Foi nesta época que começei a observar o processo de acesso à moradia, através da informalidade (o que no Brasil se chamaria de ocupações informais/invasões) e, nos programas planejados pelo Governo francês. Minha participação na vida destes indivíduos e nas suas atividades de comércio levou-me a visitar outros lugares na cidade de St Laurent tais como: o mercado de frutas e verduras ou as entradas dos assentamentos onde se colocam vários vendedores ou ainda em outras cidades da Guiana e, sobretudo Kourou. Isso porque trabalhei as redes de relações que se estendiam consideravelmente para além das comunidades estudadas. Interessei-me também por pessoas e instituições que se interrelacionavam com estes comerciantes. Esta primeira pesquisa e outras que se seguiram na Guiana e no Brasil (Reginensi, 2002, 2005) mostraram toda importância da relação dos indivíduos com a fronteira, não só na sua dimensão física, mas também na sua dimensão simbólica.

Assim, diferentes tipos de vendedores, mesmo em situações diferentes, têm em comum a relação vivida com a fronteira, no sentido que coloca Boaventura de Sousa Santos quando escreve que “viver na fronteira é viver em suspensão” (2001, p.347). Isto significa que os indivíduos não se fixam em um lugar mesmo se o desejam, se apresentando no mesmo tempo “daqui e dalí”, viajando sem parar de um lado para o outro da fronteira, ativando a rede no lugar de origem (no Suriname ou no Brasil no caso dos nossos entrevistados), mas também nos espaços urbanos de acolhida. A relação com a fronteira sugere também uma luta e uma negociação permanente com as formas de autoridade para preservar o seu lugar[2].

Estas pesquisas nas cidades amazônicas permitiram a elaboração de uma tipologia das economias informais observadas que propor uma reflexão sobre o nível e a natureza do laço social mobilizado, o que supõe que todos os tipos identificados podem em um momento ou outro se sobrepor. Pode-se dizer que durante as suas existências, os indivíduos podem passar de um modo econômico para um outro ou às vezes, se implicar simultâneamente em três tipos identificados:

- Uma economia familiar: consiste na auto-produção e no auto-consumo (dos produtos da roça como a mandioca, as frutas e os legumes), mas também da capacidade em mobilizar os laços familiares com uso comercial. A família substitui a empresa. Este tipo de economia se refere aos Negros da Guiana francesa e, sobretudo, aos Hmongs, população vinda do Laos que cultiva a terra em dois lugares da Guiana: Cacao, próximo de Caiena e Javouhey, perto de Saint Laurent. São os principais produtores de frutas e de legumes que vendem nos mercados de Caiena, Kouru e Saint Laurent. Em Belém, são cultivados produtos encontrados em diversas feiras, em particular, no Ver o Peso.
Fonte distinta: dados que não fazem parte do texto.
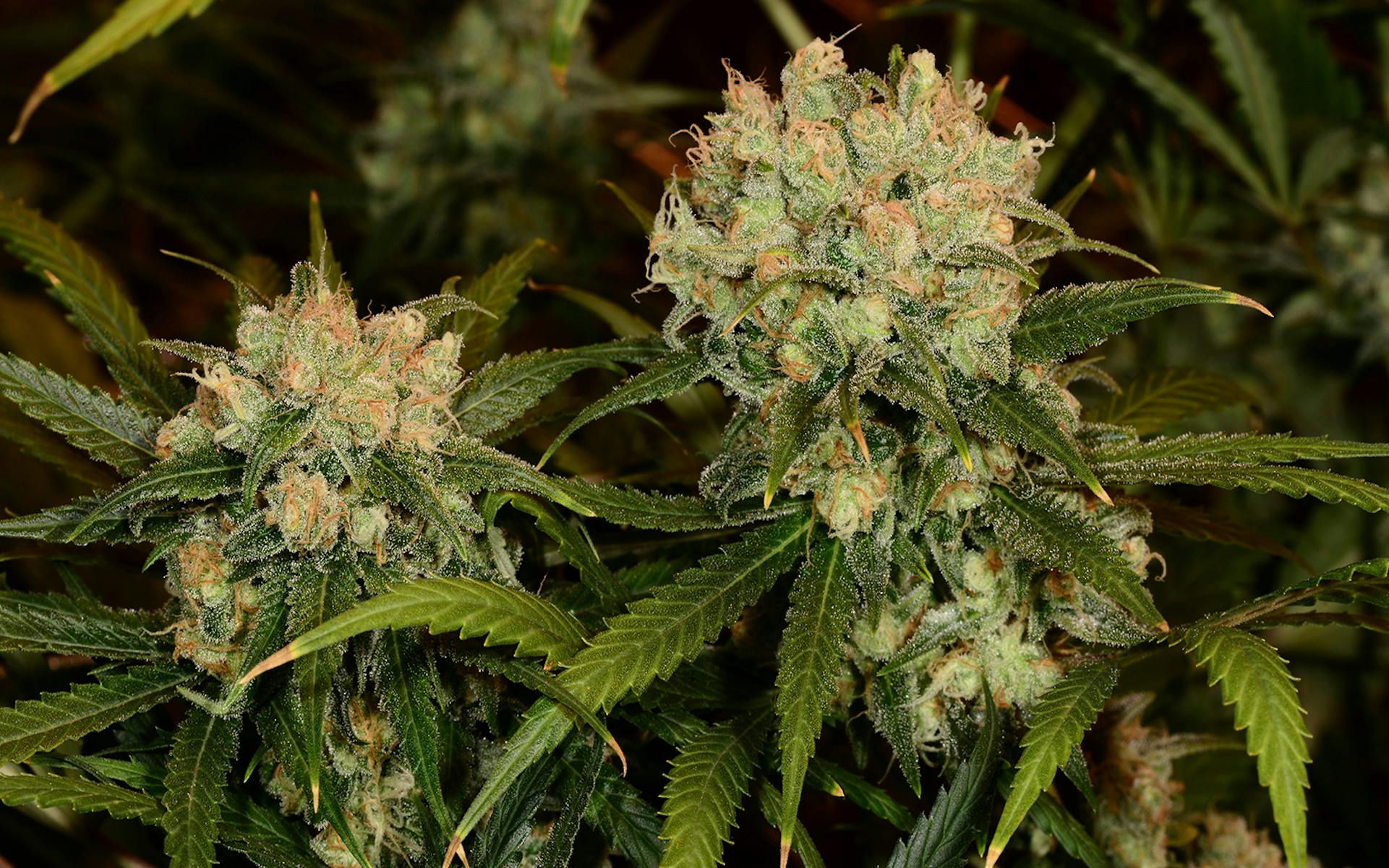 Tips for growing Northern Lights cannabis image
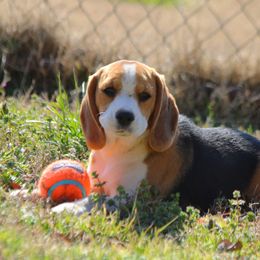 Beagle Puppies from Knockhill Beagles
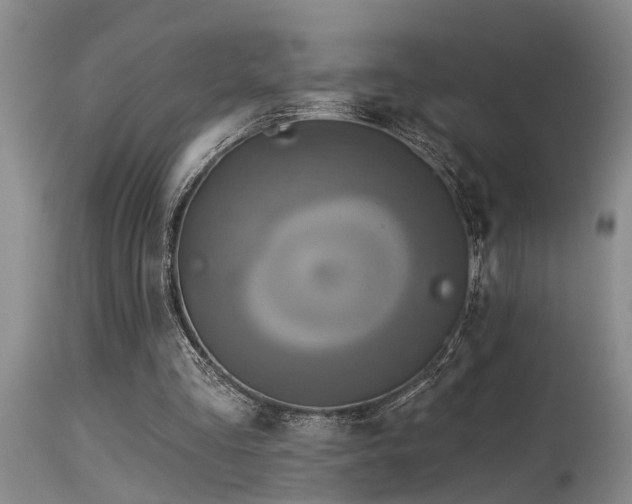 X0000115630293200911101444
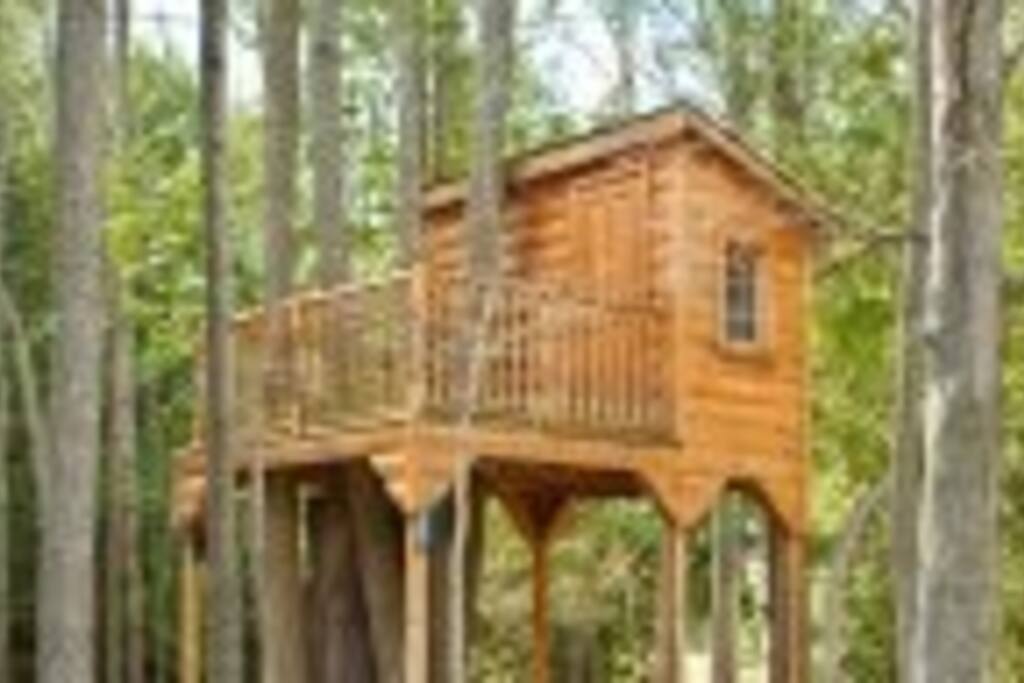 tree fort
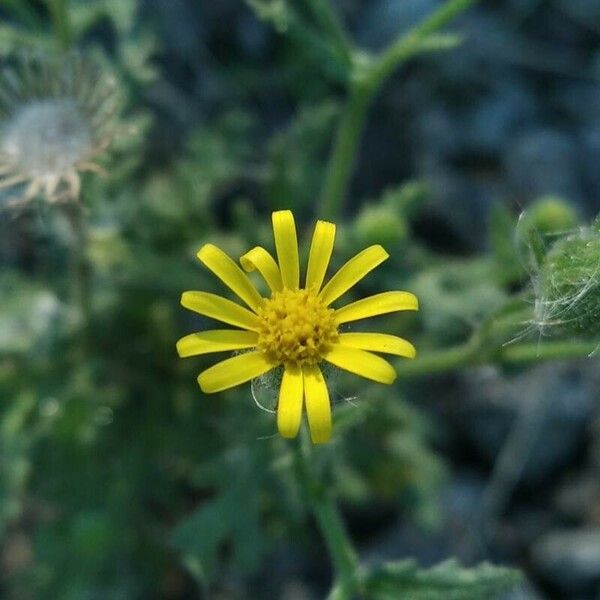 Senecio viscosus Цветок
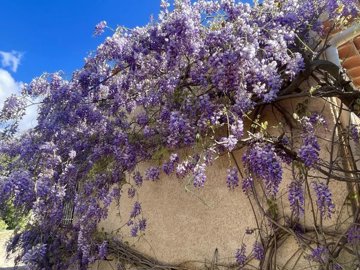 4119b3c5c1a0b32c72f29d0836f367465ee5941959192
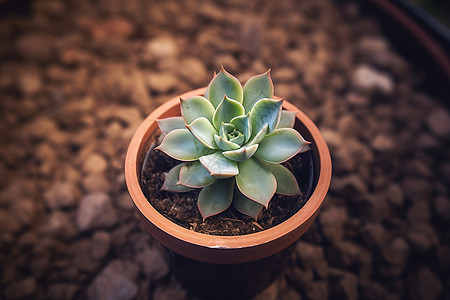 盆子里的多肉绿植图片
- Uma economia de sobrevivência: permite que cada indivíduo encontre os seus próprios meios de sobrevivência e o mínimo necessário para as trocas. Esta forma de economia informal é muito próxima das economias de sobrevivência africanas em uma sociedade do tipo pós-colonial. A preocupação dos indivíduos, principalmente das mulheres, é a falta de dinheiro. Uma entrevistada, mascate do mercado de Saint Laurent, declarou: estou cansada de ir buscar dinheiro com as minhas filhas para dar comida para a família! É nesta economia de sobrevivência que se encontram os wakaman[3] ou o comerciante do bairro (o qual, atrás da sua loja, pode ter uma garagem mecânica ou estocar mercadorias adquiridas mais ou menos legalmente). Atividades, novos trabalhos, “bicos”, “jobs” como se diz correntemente na Guiana, “biscate” em Belém, permitem aumentar os ganhos, obter rapidamente um complemento financeiro indispensável em um contexto de crise.

- Uma economia internacionalizada internacional baseada em redes familiais e sociais: trata-se de um tipo de comércio fundado nos laços sociais, éticos e familiais, funcionando nos mundos das diásporas. Encontrei verdadeiros empreendedores sem empresas, com grandes redes expancionistas ou pequenas famílias restritas no círculo do parente próximo (Peraldi, 2001: 16). É o caso de certos Negros que desenvolvem atividades na Guiana francesa, no Suriname e, além, em Miami ou na Europa (Amsterdam), ou das redes de ambulantes em Belém.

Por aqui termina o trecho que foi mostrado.